# Assignment:
Take the line containing "You can find" and every line after it to the end of the material below; reproduce them exactly, without pictures.

# Data segment:
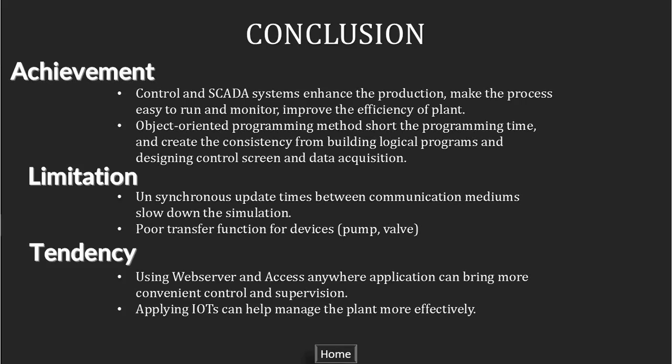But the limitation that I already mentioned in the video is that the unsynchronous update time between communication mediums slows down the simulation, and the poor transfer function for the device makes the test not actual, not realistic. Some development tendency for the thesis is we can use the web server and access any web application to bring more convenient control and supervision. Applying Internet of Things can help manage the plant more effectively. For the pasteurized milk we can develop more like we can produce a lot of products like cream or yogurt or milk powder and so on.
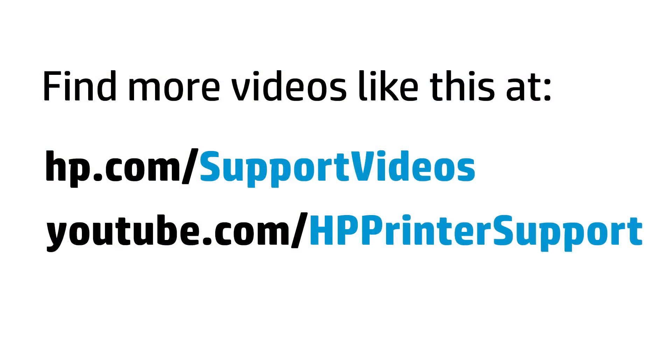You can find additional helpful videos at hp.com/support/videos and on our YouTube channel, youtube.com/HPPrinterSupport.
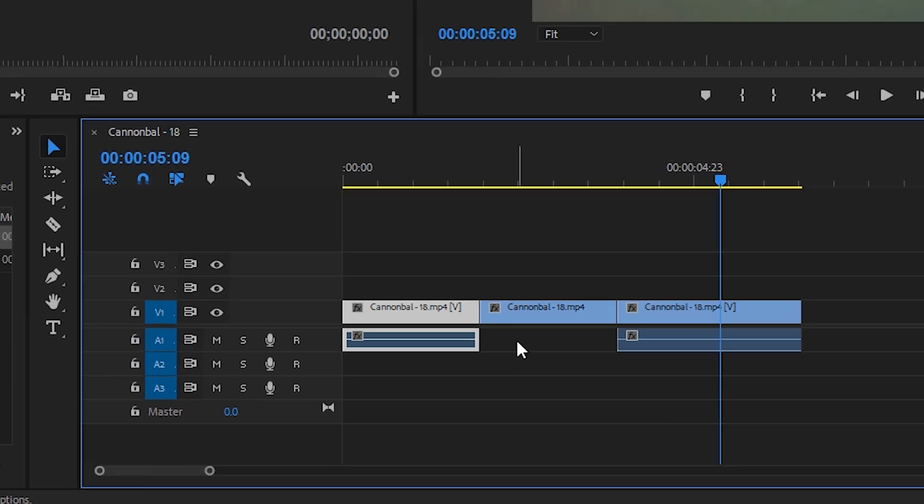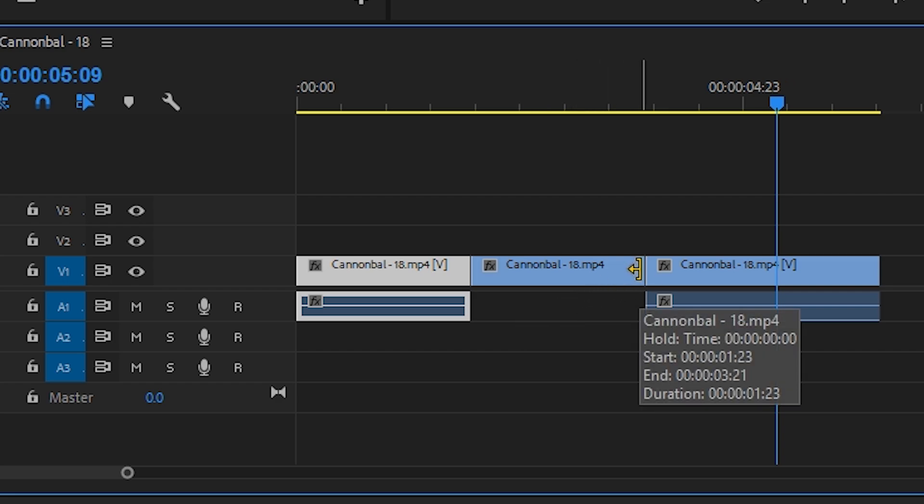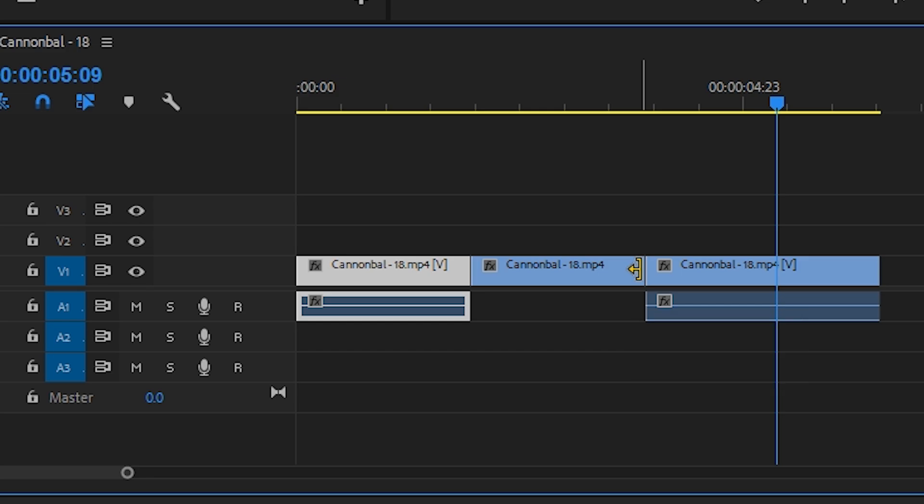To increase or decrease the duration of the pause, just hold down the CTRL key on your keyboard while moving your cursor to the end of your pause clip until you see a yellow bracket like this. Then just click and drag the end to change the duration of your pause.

# Solved problem:
You can find additional helpful videos at hp.com/support/videos and on our YouTube channel, youtube.com/HPPrinterSupport.
To increase or decrease the duration of the pause, just hold down the CTRL key on your keyboard while moving your cursor to the end of your pause clip until you see a yellow bracket like this. Then just click and drag the end to change the duration of your pause.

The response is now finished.